Литмир - Электронная Библиотека
Содержание  
A
A

Или:

– Далее по тексту!

Или:

– Обидно и больно!

Или:

– Шли годы…

Или:

– Это вряд ли…

Или:

– Все зола!

Пьяный он поет: «В мокром заду! (Обрати внимание!) Осень забы-ы-ла! Грязный платок! (Что главное!) С мокрой листвой!»

В общем, обвал в горах.

Он очень любит Москву, знает кучу общекультурных подробностей и все время их рассказывает. А поскольку часто бывает пьяным, то не замечает, что рассказывает одно и то же.

Он любит повторять:

– Я люблю свой город! Я не из тех парней, что ссут в подъездах!

Однажды во время пьянки на Трехпрудном он вдруг отлучился. Обнаружил его Владимир Дубосарский. Владлен Владленович мочился на его, Владимира Дубосарского, дверь.

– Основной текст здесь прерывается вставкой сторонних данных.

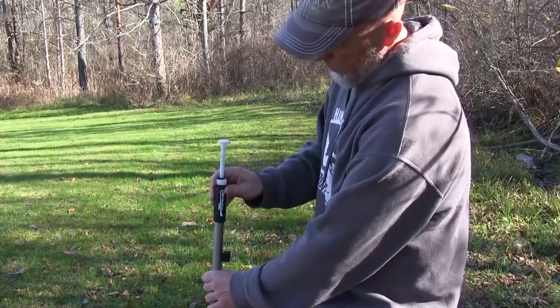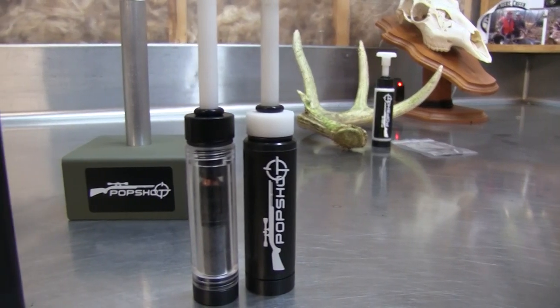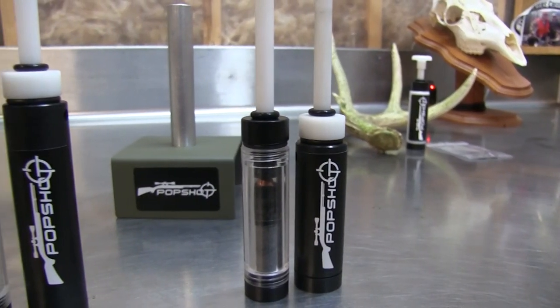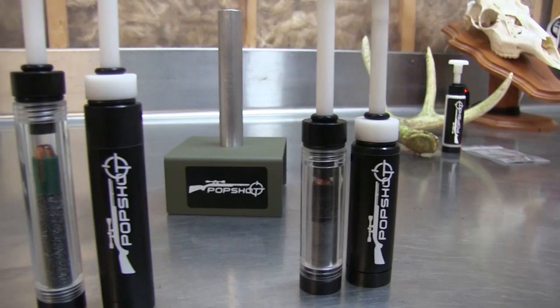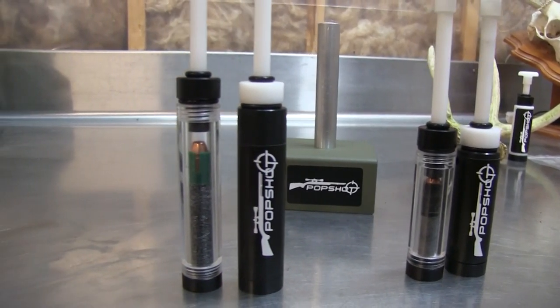Its patented design self-aligns over the barrel, eliminating any fumbles in the field. So for you loose powder guys, total peace of mind of never having to worry about a spill or a short load ever again. Pop Shot comes in two models: a compact to accommodate up to a hundred grains of preformed pellets, and a magnum to accommodate up to a hundred and fifty grains of preformed pellets, and also your choice load of loose powder.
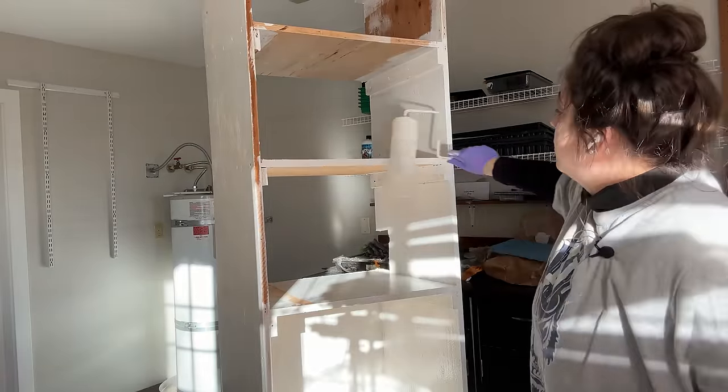We decided to drain the hot water heater first. Apparently you're supposed to drain your hot water heaters every year, so this is a good skill to have. Josh is working on attaching the hose and figuring out the drain valve. Josh is working on draining the hot water heater while I'm going to start moving things that I can move. They are going to be here tomorrow between eight and eleven.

– Влад! – воскликнул потрясенный Дубосарский. – Ты охуел? Ты же не из тех парней, что ссут в подъездах!

– Особенно не груби! – сказал Владлен Владленович, продолжая начатое. – У меня почки слабые!

Мы не виделись с Лебедевым пять лет. Накануне презентации первого (рукодельного) издания этой книжки Авдей Степанович позвонил ему, чтобы пригласить на праздник. Лебедев обрадовался, сказал, что непременно придет.

– Ну ты как, – спросил Авдей Степанович, – бухаешь?

– Старик, ты же знаешь, я могу остановиться, – сказал Лебедев. – Уйти в себя, поднять классиков. Перечесть Чехова, Бунина… У меня прекрасный вид из окна. Я живу в Северном Чертаново. Обрати внимание – в Северном!..

За пять лет Лебедев не изменился совершенно. Только зуб, который рос посередине, куда-то пропал. Так что верхняя челюсть у него осталась практически без зубов. На презентации, выпив, все толпились на улице. Лебедев беседовал с Леликом Мамоновым, у которого, наоборот, отсутствовали зубы снизу.

– Смотри, – сказал, глядя на них, Авдей Степанович Агафонову, – теперь они могут вместе кушать.

ДРУГИЕ ЛЮДИ

Отправляясь на день рождения к Джону (Александру Сасалетину), мы с Назаровым купили два галстука: один от меня, второй от Назарова. Джон давно звал меня в гости, хотел почитать свои стихи. Мы и отправились.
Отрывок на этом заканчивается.